A note before we get into it … these books are sometimes referred to as “apocryphal” or as part of the “Apocrypha.” Some Scripture scholars would object to this term. “Apocrypha” refers to a writing that is partly or wholly secret–something only shown or revealed to those on the inside. Clearly, this isn’t the case with the books of Maccabees. Though not part of the Jewish canon of Scripture, they are in no way hidden from good Jews. Or Christians. Indeed, the stories are well-known among people with a basic literacy of the Bible or of Jewish history. “Deuterocanonical” is the preferred term.

2 Maccabees relates the story of a surprisingly successful uprising in response to the tightening grip of foreign oppression.
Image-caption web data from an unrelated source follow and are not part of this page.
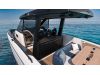 BENETEAU GRAN TURISMO 35 NEW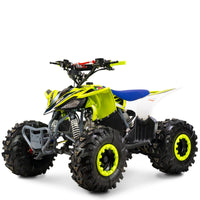 Motos MH | Tienda Online de Motos, Pit Bikes, Motocross y Bicicletas Eléctricas 2025
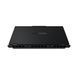 Ноутбук Lenovo Legion 5 15AHP10 (83M0002FPB), AMD Ryzen 7 260 / 15.1&Prime; / RAM 16 ГБ / SSD 1 ТБ / Nvidia GeForce RTX 5060 / Без ОС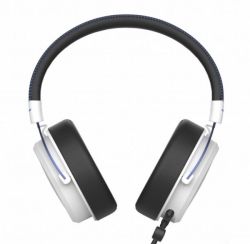 Навушники Bloody M590i (Sports Navy) - Картинка 3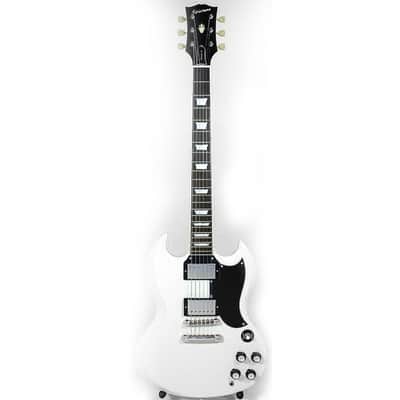 Epiphone LPC-90 Les Paul Custom (Japanese Domestic) | Reverb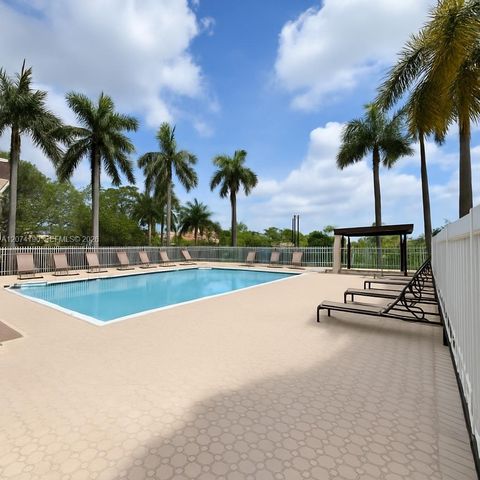 15726 NW 16th Court 15726, Pembroke Pines, FL 33028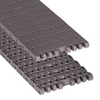 Rexnord 10373550 Straight Running MatTop & TableTop Chains - 10373550 - RegalRexnord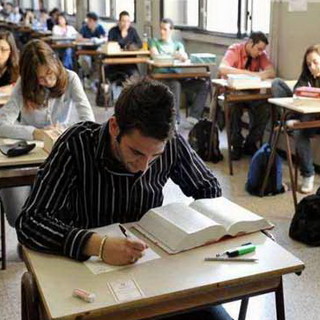 Sanremo: risultati decisamente lusinghieri per gli esiti degli esami di maturità nel Liceo delle Scienze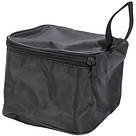 Пальник Sigma з п'єзопідпалом 2903531 smart, фото 4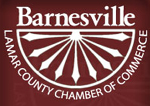 Barnesville - Lamar County Chamber of Commerce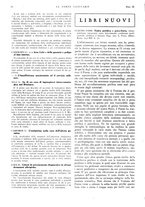 giornale/TO00184515/1941/V.2/00000462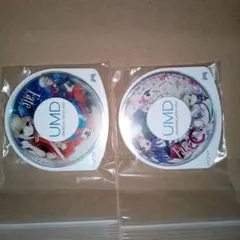 フェイト/エクストラccc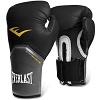 EVERLAST - Boxhandschuhe / Elite Pro Style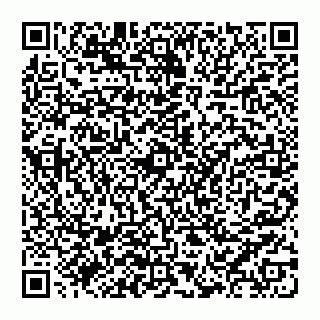 vCard 74999223432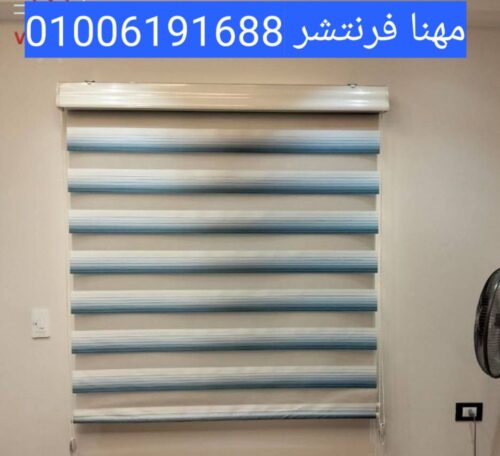 1000150818 1000150818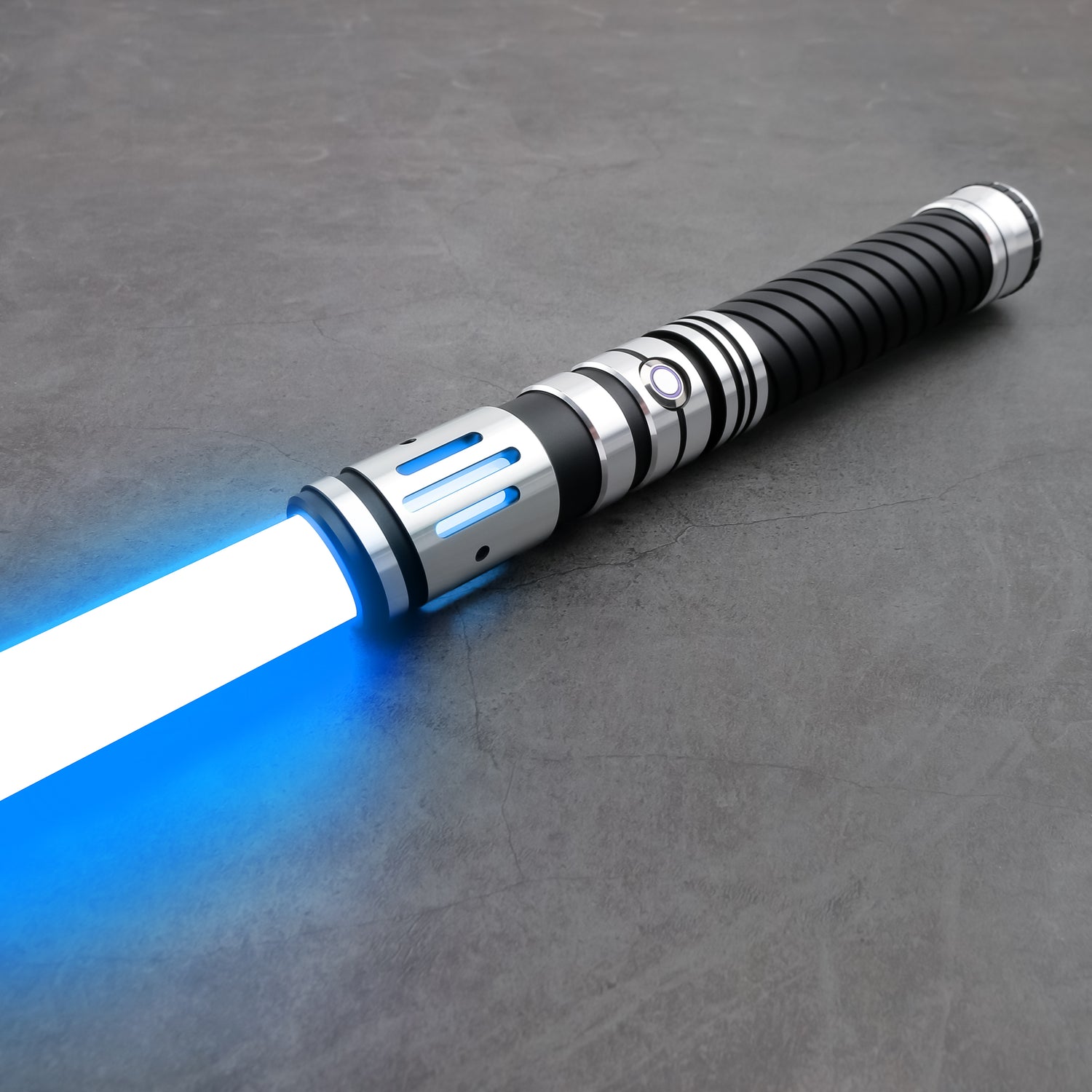 Reaver lightsaber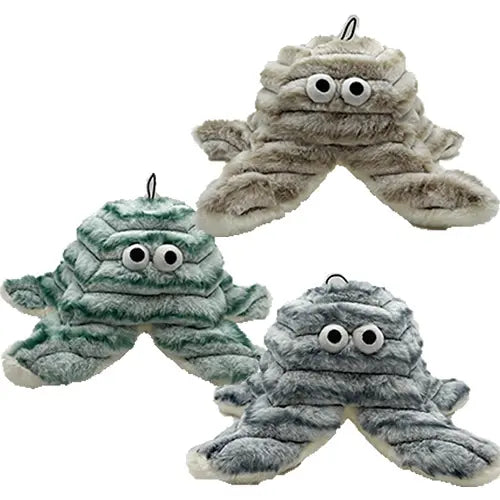 Gor Reef Striped Bobble Mommy Star Fish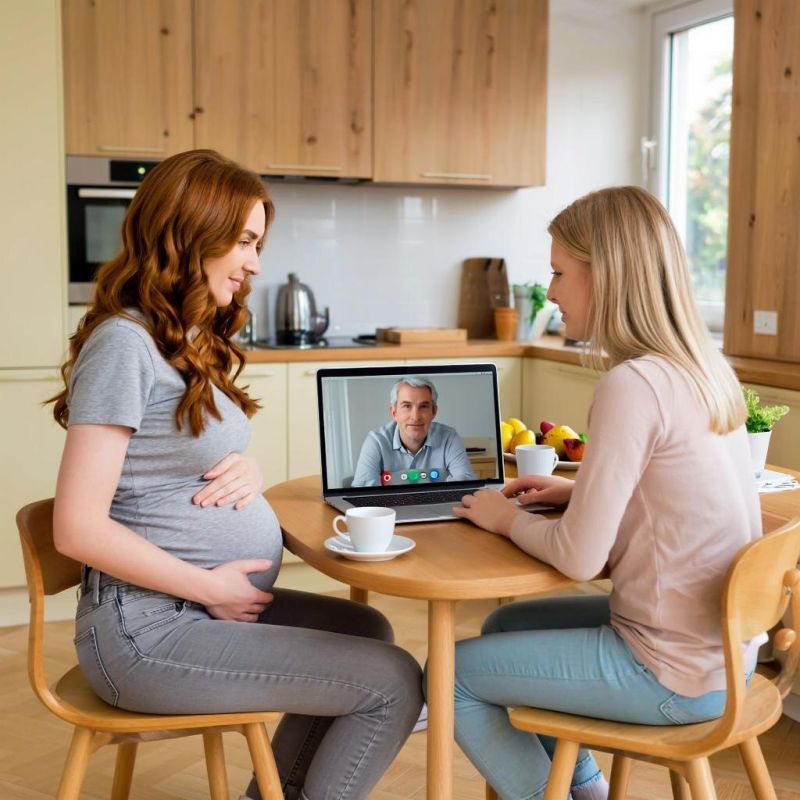 ����������� ����� ������: ����� ������ � ����� ������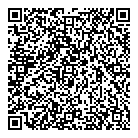 QR код "ТриНити"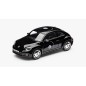 Miniature VW BEETLE 2012 d'origine VOLKSWAGEN Noir brillant 1/43ème 5C1099300B 041 Miniature VW BEETLE 2012 d'origine VOLKSWAGEN Noir brillant 1/43ème 5C1099300B 041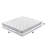 Symonds 10 in. Mattress-995200945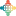 Powersresourcecenter.com Favicon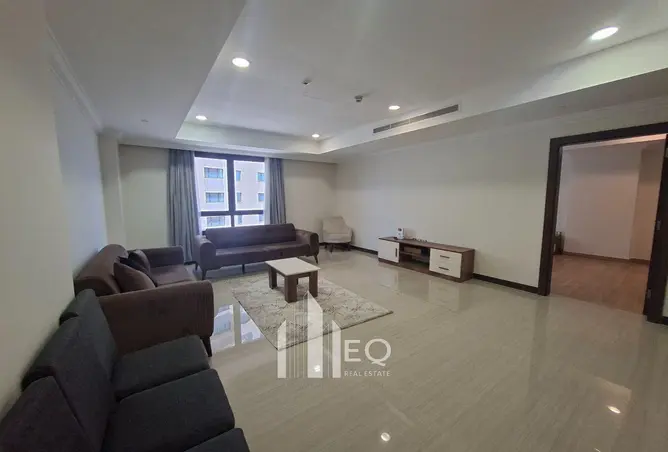 62411057 - Property Image 2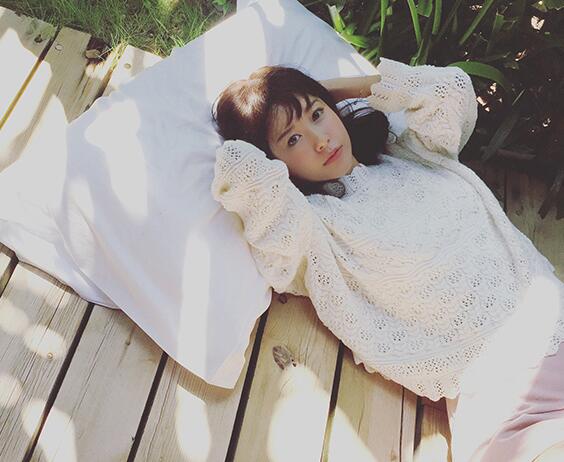 张子萱淘宝店叫什么?谁有店铺链接? 张子萱淘宝店叫什么?谁有店铺链接?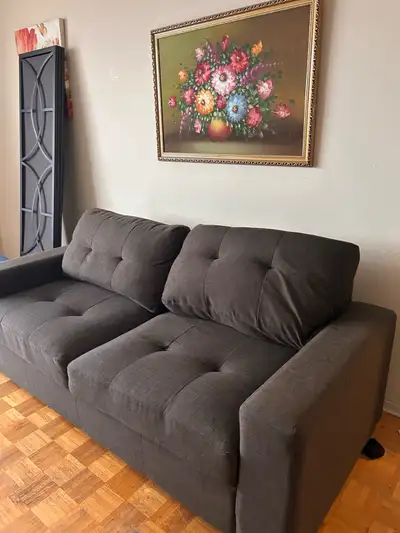 MOVING OUT SALE ASAP, View more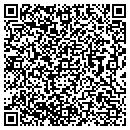 QR code with Deluxe Homes contacts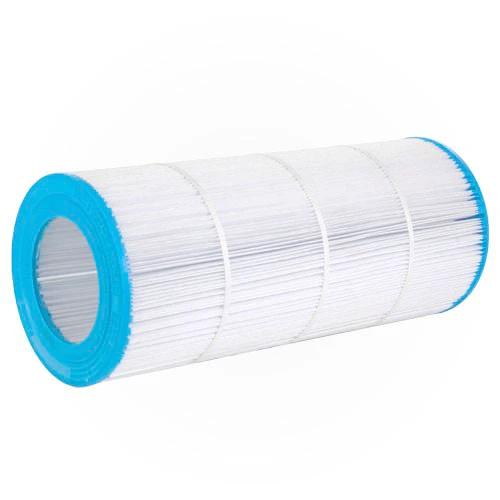 Pentair Cartridge Element R173215 by Pentair
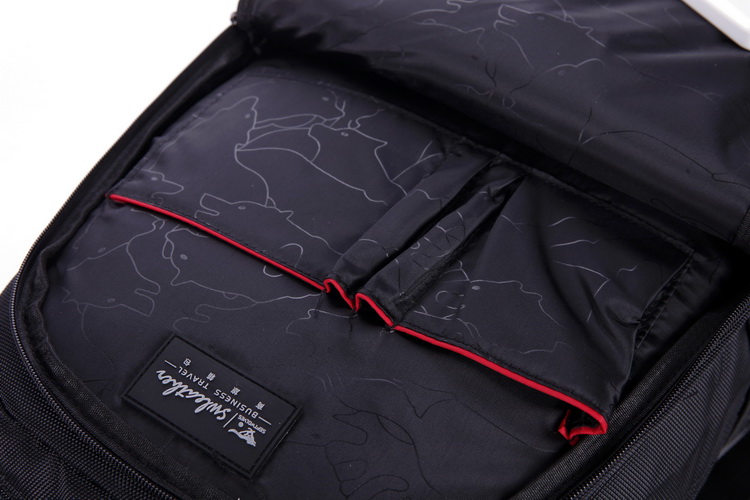 Sac homme - Ref 51254 Image 25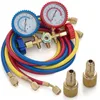 /product-detail/ac-r410a-manifold-gauge-set-1902601673.html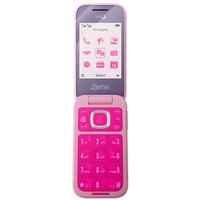 HMD Barbie Phone 4G von Tchibo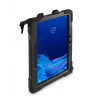 Capa Hama Rugged Style Galaxy Tab Active4 Pro 25,6 cm 10,1 polegadas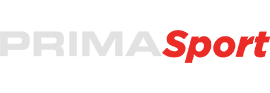 Prima Sport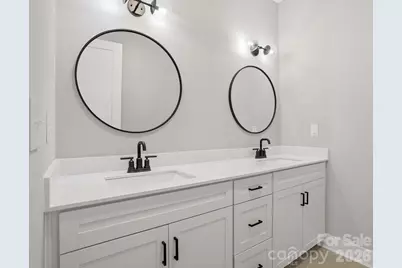 112 Chapel Crossing Lane #13, Weaverville, NC 28787 - Photo 30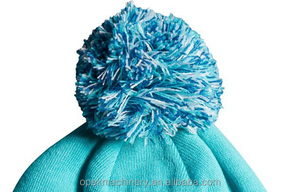 <span class=keywords><strong>Machine</strong></span> à coudre automatique pour <span class=keywords><strong>pompons</strong></span> - Product Image 3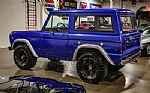 1967 Bronco Thumbnail 12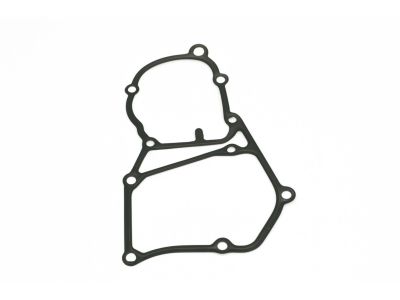 BMW 11-14-1-432-099 Gasket Set Chain Case Asbestofree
Almost two centuries before Christ preached, Judas Maccabeus was praised for his piety and his thoughtfulness for the dead:

Judas the ruler of Israel
  then took up a collection among all his soldiers,
  amounting to two thousand silver drachmas,
  which he sent to Jerusalem
  to provide for an expiatory sacrifice.

In doing this he acted in a very excellent and noble way,
  inasmuch as he had the resurrection of the dead in view;
  for if he were not expecting the fallen to rise again,
  it would have been useless and foolish
  to pray for them in death.

But if he did this
  with a view to the splendid reward
  that awaits those who had gone to rest in godliness,
  it was a holy and pious thought.

Thus he made atonement for the dead
  that they might be freed from this sin.

This passage is part of the theological justification for praying for the dead, and is valued among Catholics, especially those traditionally-minded. As such, these verses are more of an “instruction” or a comfort to the grieving. Do loved ones need the encouragement to pray for the deceased? This would be a good choice. Do they want traditional Catholic teaching on purgatory reinforced? This passage is associated with that doctrine.

I don’t find people choose this reading very often at all. I struggle to remember one instance in twenty-plus years of ministry. Any comments on this Scripture or on the use of this for a funeral? Have you heard it recently?